Starbucks sales forecast reduced due to Gaza-linked boycott
Starbucks lowers its sales forecast due to boycotts in the US and the Middle East, shifting from a forecasted 10-12% growth to 7-10%.
Starbucks has lowered its annual sales forecasts and failed to meet market expectations due to boycotts in both the US and the Middle East. The company reported a "significant impact on traffic and sales" in the Middle East after calls to boycott the brand began soon after the launch of the ongoing Israeli genocide in the Gaza Strip.
CEO Laxman Narasimhan mentioned during a post-quarterly earnings conference call that the boycott has affected the chain beyond the Middle East and in the United States as well.
Reports indicate that Starbucks has witnessed a decrease in customer traffic at its US stores starting in mid-November. Narasimhan stated that the company's performance during the first quarter of the 2024 fiscal year did not meet the projections set by analysts.
Starbucks reported figures that were lower than estimated across its business operations, despite a 5% increase in comparable sales in US stores. While the company achieved a record revenue of $9.43 billion in the first fiscal quarter of 2024, its sales outlook for the remainder of the year was downgraded due to weakening spending in Chinese and other markets.
Reports showed that instead of the previously forecasted revenue growth of 10% to 12%, the chain was now expected to grow between 7% and 10%.
Significantly, following the announcement of the results, Starbucks shares rose by 3%, possibly because investors had anticipated a worse financial performance. However, compared to a year ago, Starbucks shares were still 11% lower.

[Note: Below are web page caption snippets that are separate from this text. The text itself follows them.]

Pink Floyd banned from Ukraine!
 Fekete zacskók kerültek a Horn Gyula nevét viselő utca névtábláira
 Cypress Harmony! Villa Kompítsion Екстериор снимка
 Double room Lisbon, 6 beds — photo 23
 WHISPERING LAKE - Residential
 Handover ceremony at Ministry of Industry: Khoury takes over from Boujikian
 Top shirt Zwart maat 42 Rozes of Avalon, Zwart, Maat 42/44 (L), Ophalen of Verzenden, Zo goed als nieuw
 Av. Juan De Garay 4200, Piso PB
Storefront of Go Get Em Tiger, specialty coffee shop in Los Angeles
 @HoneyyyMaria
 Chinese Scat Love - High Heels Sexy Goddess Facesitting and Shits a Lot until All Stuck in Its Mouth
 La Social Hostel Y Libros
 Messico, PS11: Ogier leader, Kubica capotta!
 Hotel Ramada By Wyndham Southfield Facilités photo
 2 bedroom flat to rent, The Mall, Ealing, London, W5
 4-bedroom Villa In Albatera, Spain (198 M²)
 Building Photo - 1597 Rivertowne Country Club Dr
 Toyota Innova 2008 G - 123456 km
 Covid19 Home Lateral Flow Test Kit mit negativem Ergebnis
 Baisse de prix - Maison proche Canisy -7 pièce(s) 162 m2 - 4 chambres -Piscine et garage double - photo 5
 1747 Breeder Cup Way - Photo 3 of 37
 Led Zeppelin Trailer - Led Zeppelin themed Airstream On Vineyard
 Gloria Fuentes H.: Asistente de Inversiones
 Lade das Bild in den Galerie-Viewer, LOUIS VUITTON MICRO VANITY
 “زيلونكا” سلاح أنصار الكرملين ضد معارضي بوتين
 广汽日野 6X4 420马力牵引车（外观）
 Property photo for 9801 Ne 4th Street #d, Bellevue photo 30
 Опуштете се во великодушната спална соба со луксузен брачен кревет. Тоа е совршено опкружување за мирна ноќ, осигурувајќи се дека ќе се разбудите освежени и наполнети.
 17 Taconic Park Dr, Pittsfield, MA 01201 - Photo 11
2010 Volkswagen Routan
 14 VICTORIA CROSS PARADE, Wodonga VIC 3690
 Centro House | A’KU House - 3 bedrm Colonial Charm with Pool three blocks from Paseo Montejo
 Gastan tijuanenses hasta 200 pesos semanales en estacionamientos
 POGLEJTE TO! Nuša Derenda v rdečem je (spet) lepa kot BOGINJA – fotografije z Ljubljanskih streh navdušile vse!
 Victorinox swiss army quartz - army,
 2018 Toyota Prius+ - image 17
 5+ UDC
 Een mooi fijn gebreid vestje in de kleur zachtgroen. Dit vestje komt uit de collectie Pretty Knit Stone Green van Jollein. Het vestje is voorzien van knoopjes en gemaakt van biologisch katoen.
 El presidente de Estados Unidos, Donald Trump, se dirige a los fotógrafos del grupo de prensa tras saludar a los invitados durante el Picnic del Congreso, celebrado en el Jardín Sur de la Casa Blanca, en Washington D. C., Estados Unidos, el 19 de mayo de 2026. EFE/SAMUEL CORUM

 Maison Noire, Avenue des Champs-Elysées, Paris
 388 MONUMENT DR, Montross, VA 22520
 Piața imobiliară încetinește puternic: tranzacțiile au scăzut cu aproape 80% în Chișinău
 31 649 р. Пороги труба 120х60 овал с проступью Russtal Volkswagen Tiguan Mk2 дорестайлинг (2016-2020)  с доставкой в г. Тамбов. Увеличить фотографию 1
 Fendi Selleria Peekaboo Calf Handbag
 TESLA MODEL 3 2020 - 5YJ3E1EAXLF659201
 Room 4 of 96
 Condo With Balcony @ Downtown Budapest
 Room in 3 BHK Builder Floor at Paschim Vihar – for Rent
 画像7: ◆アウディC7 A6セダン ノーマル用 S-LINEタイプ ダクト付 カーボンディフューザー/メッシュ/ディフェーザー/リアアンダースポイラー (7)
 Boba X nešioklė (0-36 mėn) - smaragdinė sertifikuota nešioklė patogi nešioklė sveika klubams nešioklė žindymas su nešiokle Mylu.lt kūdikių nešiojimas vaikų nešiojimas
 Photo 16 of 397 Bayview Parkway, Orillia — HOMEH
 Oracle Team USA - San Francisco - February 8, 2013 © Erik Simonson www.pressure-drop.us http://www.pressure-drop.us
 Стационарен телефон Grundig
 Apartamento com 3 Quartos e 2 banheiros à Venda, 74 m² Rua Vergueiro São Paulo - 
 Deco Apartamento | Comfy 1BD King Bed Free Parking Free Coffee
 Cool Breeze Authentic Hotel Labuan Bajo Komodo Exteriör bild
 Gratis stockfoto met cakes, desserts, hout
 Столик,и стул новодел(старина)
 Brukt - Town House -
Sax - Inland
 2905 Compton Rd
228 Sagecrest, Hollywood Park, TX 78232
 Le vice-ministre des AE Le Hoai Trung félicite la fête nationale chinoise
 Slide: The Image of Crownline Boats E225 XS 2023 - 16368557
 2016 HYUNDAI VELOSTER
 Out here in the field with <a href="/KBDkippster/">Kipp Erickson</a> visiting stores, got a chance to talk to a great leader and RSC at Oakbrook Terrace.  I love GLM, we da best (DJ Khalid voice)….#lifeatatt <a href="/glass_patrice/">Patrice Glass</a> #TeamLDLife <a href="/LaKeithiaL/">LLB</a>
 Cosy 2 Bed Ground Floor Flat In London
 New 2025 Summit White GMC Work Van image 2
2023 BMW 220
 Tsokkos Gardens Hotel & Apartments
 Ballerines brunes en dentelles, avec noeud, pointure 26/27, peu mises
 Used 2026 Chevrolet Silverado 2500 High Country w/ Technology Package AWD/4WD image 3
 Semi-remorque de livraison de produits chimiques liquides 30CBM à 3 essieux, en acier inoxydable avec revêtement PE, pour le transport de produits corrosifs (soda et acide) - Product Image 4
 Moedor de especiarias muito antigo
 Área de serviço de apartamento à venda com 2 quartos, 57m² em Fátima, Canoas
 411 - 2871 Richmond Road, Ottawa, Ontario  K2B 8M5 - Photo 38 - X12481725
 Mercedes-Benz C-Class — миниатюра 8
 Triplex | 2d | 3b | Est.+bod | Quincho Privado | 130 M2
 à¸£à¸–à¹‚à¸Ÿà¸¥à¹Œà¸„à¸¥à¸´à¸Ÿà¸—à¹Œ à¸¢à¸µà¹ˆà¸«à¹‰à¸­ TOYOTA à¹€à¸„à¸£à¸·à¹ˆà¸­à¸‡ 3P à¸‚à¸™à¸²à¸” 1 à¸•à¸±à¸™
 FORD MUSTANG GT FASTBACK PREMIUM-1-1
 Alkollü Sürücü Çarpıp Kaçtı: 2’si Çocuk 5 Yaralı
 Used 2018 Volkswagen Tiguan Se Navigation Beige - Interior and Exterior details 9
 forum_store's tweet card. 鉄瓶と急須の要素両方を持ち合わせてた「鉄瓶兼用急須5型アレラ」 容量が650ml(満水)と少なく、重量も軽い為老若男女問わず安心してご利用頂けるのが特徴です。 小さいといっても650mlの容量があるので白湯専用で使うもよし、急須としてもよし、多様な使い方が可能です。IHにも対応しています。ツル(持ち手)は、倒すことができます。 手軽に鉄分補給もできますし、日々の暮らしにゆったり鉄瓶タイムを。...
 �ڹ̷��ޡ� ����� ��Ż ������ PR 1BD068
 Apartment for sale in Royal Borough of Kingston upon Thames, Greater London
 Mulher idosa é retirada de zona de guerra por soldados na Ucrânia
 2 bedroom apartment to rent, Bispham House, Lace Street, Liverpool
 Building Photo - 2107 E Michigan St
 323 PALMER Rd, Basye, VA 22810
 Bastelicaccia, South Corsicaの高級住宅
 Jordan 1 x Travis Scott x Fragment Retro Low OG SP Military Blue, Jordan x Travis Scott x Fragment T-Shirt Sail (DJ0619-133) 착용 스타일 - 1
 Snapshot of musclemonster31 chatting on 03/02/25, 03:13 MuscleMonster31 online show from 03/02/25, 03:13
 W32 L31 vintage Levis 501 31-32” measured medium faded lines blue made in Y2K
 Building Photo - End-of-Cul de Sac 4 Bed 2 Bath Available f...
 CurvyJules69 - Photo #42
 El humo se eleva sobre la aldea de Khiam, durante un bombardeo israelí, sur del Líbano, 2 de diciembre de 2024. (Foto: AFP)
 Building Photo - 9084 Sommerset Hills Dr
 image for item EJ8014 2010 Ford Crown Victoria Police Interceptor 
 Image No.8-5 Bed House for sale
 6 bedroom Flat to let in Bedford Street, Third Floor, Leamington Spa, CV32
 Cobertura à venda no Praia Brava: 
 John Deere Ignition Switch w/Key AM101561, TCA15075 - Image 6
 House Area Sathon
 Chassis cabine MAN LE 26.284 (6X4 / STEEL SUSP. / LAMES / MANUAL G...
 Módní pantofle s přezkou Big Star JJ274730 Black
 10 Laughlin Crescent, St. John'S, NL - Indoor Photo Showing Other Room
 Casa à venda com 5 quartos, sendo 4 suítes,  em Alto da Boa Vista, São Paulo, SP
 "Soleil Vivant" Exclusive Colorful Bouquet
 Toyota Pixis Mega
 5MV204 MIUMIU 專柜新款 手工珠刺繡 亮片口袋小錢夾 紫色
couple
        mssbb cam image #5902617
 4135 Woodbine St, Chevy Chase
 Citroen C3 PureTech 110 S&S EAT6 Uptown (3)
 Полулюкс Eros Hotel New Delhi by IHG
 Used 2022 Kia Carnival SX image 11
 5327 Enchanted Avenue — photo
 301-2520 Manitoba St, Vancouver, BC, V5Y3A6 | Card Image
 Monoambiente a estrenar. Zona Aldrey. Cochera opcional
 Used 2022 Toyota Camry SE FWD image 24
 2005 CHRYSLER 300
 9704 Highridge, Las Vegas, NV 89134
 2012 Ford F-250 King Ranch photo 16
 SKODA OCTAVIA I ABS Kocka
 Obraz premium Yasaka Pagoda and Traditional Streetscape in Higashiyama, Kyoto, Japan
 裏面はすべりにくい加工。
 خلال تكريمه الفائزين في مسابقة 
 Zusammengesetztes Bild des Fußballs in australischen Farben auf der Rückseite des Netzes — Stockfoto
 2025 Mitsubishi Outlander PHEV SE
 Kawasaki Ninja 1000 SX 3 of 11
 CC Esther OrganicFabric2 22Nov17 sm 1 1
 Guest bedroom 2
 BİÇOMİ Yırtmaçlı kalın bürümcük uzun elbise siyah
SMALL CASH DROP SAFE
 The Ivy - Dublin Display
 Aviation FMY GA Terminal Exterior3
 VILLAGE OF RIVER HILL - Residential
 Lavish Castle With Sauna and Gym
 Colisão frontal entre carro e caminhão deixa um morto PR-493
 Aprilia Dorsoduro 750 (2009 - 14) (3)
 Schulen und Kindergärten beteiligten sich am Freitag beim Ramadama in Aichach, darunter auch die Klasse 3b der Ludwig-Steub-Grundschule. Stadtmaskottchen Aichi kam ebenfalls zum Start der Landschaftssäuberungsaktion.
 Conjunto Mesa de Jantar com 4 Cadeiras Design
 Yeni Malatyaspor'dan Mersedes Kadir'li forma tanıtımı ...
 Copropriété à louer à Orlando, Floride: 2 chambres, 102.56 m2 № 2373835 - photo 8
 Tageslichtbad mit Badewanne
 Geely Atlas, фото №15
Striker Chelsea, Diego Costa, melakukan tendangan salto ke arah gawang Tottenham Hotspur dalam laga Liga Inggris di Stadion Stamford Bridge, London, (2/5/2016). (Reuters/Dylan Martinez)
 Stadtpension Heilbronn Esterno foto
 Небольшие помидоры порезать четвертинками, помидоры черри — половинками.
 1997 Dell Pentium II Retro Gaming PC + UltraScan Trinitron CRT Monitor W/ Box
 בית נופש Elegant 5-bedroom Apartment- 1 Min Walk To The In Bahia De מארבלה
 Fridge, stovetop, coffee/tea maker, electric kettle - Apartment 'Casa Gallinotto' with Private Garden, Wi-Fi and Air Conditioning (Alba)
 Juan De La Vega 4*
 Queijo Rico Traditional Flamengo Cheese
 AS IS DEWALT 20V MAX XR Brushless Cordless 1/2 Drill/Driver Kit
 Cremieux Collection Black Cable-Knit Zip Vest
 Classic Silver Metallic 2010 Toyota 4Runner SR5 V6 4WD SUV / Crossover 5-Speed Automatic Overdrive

Boycotting works: Starbucks loses $11bln in market value
Earlier last month, and at the end of 2023, it was reported that Starbucks had lost almost $11 billion in market value, due to intense boycotts and employee strikes in support of Palestine, in addition to a lukewarm holiday promotion.
To counter the losses Starbucks surely predicted, and as the holidays approached, the corporation announced its Red Cup Day; a marketing strategy that gives consumers the chance to receive a free reusable holiday cup with every purchase. However, since the announcement of the promotion in mid-November, Starbucks saw a decline of 8.96 percent in its shares, which equals $10.98 billion in losses, the lowest it has ever experienced since 1992.
This was because of the recent global call to boycott brands and franchises that directly or indirectly benefit "Israel" economically. The Starbucks employee union was transparent in its support for Palestine, as "Israel" launched a genocide in Gaza in October, and took the opportunity to demand better work conditions, including scheduling and the freedom to negotiate contracts. Since then, employee strikes have been consistent.
As a result, the brand found that its reputation is at stake. Despite the loss in value, both economic and social, Starbucks CEO Laxman Narasimhan was positive Starbucks could turn its image back around and make a comeback from the "macroeconomic challenges" it has been facing.
However, the statistics then indicated otherwise, as the franchise's efforts were inconsistent with the results they had brought the years before. For example, last year, Red Cup Day resulted in an 81 percent increase in consumption compared to only a 31.7 percent increase this year.